Track ECN is celebrating July with a low liquidity taker rate. The ECN will drop its take fee to 20 cents for 100 shares from 23 cents. Its rebate for liquidity providers will remain 22 cents for 100 shares.

This inverted pricing-in which the take fee is lower than the rebate-means the ECN will lose 2 cents for every 100 shares executed in July, instead of making 1 cent based on its customary pricing spread. After July, the take charge will revert to the previous fee.

"We're trying to get liquidity providers filled faster, therefore creating a better opportunity for liquidity providers to be profitable on their trades," says Joe Schultz, a vice president at Track ECN. "To do that, we must cater to the take side, because pricing on the take side dictates where you are on the liquidity taker's router. We want takers to come to us before other destinations."

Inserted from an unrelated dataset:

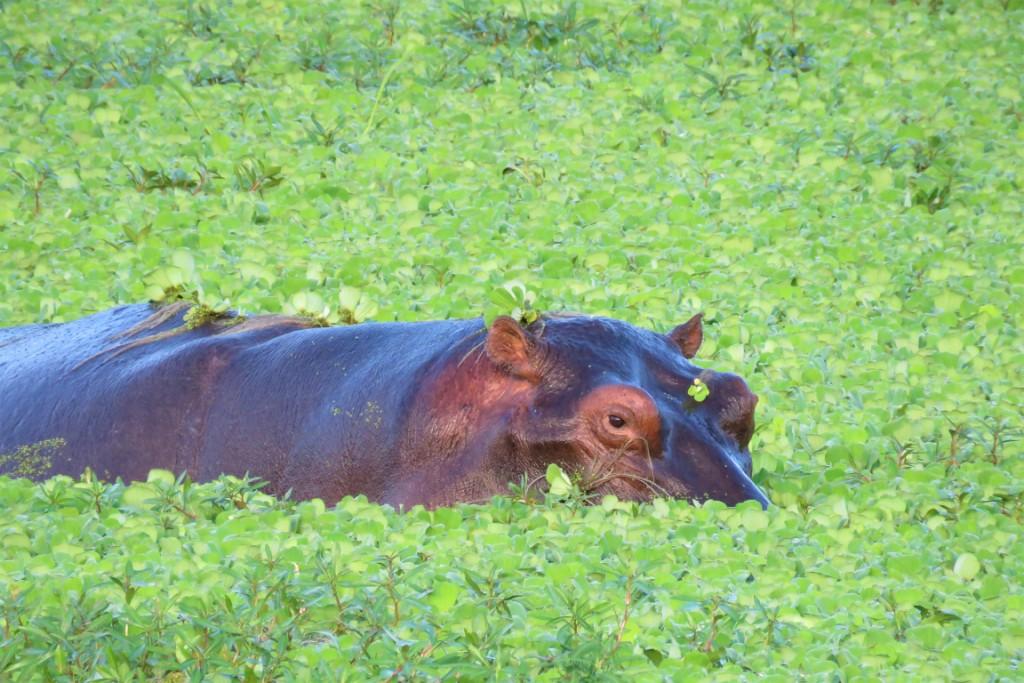 Hippo Green Season South Luangwa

Schultz expects more firms to connect directly to Track to take advantage of the lower take rate. Track currently has about 100 direct connections.

Track's pricing sale mimics BATS's January inverted pricing schedule, which boosted its volumes and encouraged brokers to connect directly to the ECN. BATS provided rebates of 30 cents for 100 shares and charged 20 cents.

Track's take fee discount applies to internal executions, which represent 30 percent of Track's business. The majority of the ECN's business comes from executions via the National Stock Exchange, where Track posts its order book. Track liquidity providers who get executed through the NSX will still get 27 cents per 100 shares.